Using Keras Sequence and model.fit multiprocessing

How can I use multiprocessing with a Keras Sequence as trainingsdata?

I tried just passing multiprocessing=true and numworkers > 1 but that doesnt work. Because of some errors.

What I want is the following:
Read huge Tfrecords Dataset on multiple gpu cores and perform the training on the gpu.
I can not use tf.data because that approach requires to read the whole trainingdata into memory.

So I have to pass a generator or a Keras.Sequence. Without multiprocessing I made both of those work.
Whenever I pass multiprocessing = true I get an Error to model.fit() I get an Error.

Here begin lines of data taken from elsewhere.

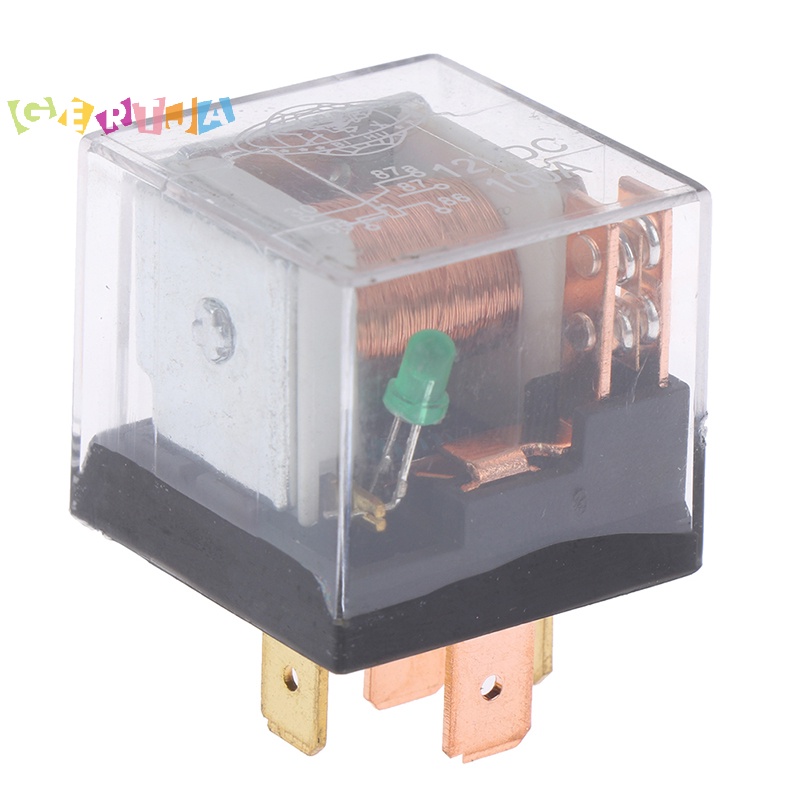 Rơ Le Ô Tô Chống Thấm Nước 12v / 24v 100a 4pin / 5pin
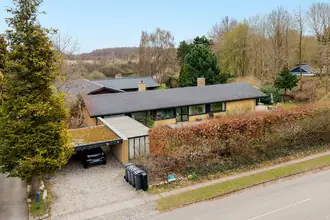 Villa på Højbjerggårdsvej 18, Øverød, 2840 Holte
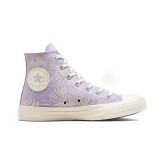 Converse Chuck Taylor All Star Floral Hi Purple - Violets - Apavi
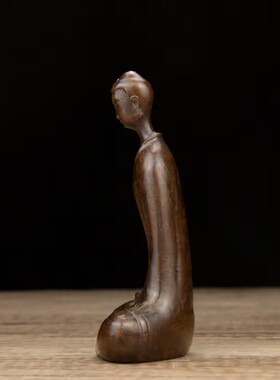 黄铜材质祝福中式客厅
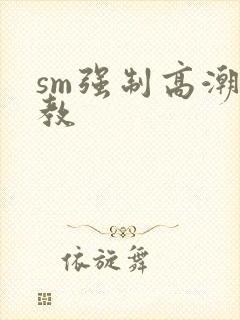 sm强制高潮调教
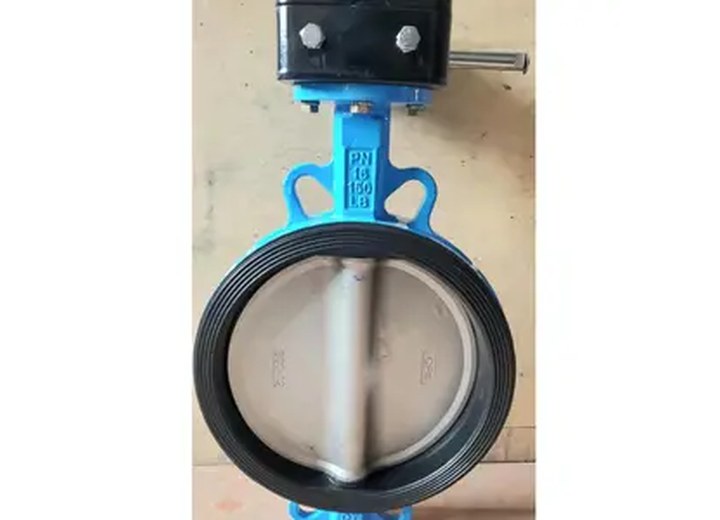 D371X3-16Q Wafer Butterfly Valve
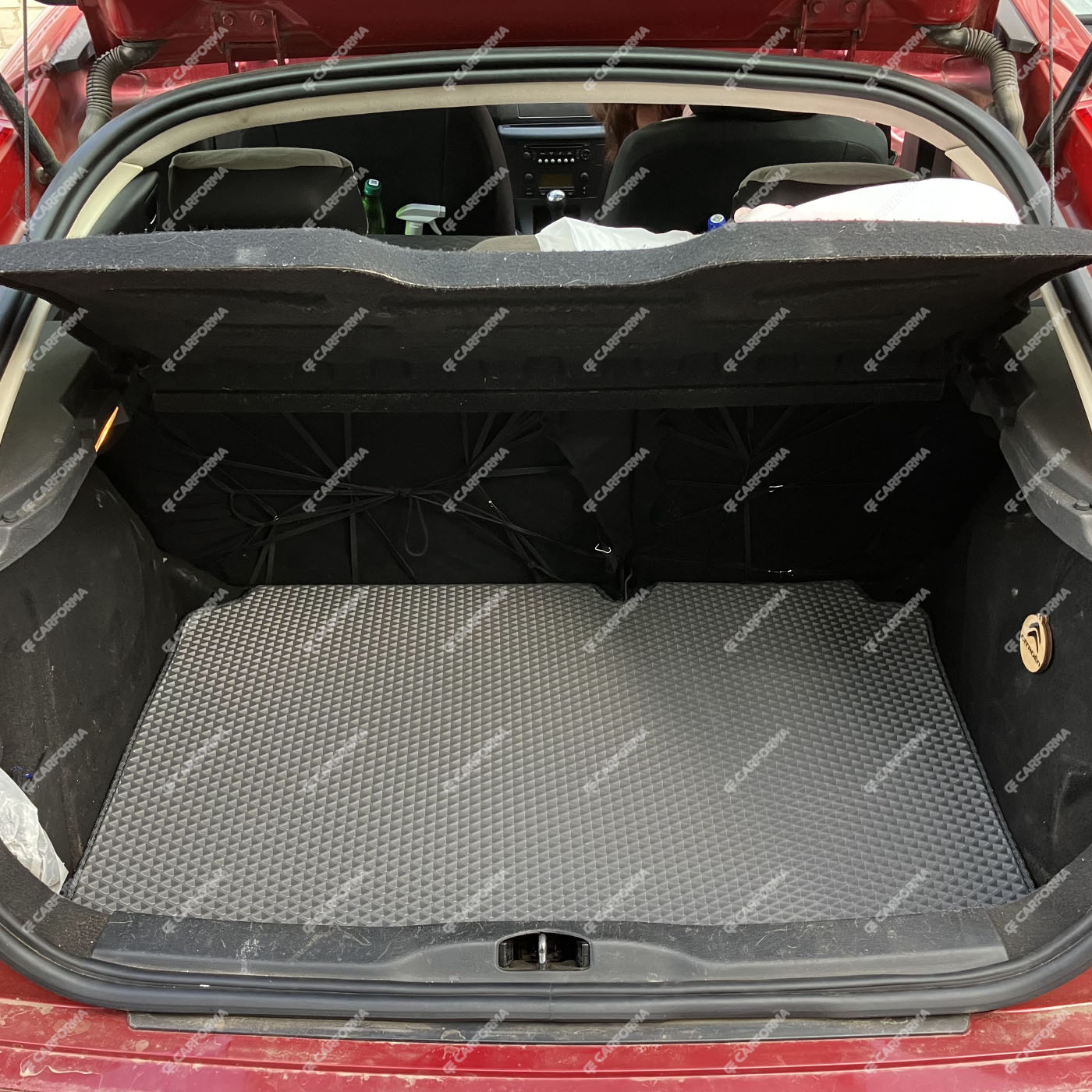 Ворсовые коврики на Citroen C4 I 2004&nbsp;-&nbsp;2011 в Волжском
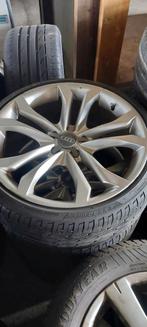 5x112 audi Belgen 19inch, 19 inch, Velg(en), Ophalen of Verzenden, Zomerbanden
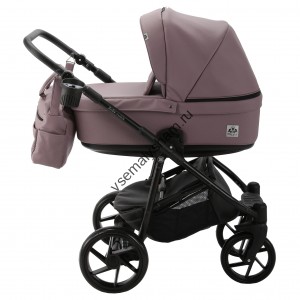 Коляска 3 в 1 Bebe-Mobile Marino Deluxe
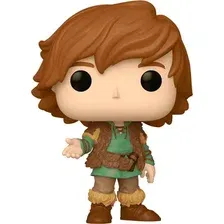 Фигурка коллекционная Funko POP! Как приручить дракона. Иккинг / 83454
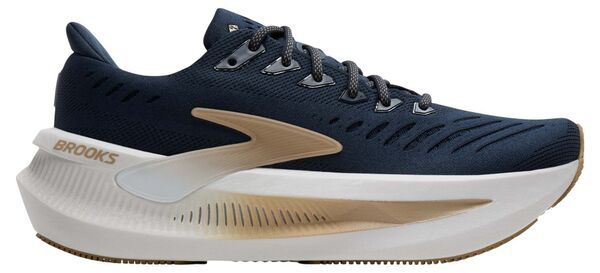 ブルックス メンズ シューズ スニーカー Brooks Mens Glycerin Max 2 Running ShoespellboundStarfishWhite ホワイト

I also tried this approach https://muditb.medium.com/speed-up-your-keras-sequence-pipeline-f5d158359f46 which basically builds a generator from a Keras.Sequence running on different processes with shared memory. But here aswell I get an error, when calling process.start()

Is there a working example for a datapipeline that reads Batches from a tfrecords dataset in parallel?
An Ideal example would be on Ubuntu using a gpu enabled Tensorflow version, where I can determine how many cores are running the datapipeline.

Hi @Felix00

Welcome to the TensorFlow Forum!

Please share the error log what is the issue error you are getting? Please have a look at these Data input pipelines docs to check the different methods of dataset extraction and optimise the performance accordingly.

Let us know if this helps or need further help in this. Thank you.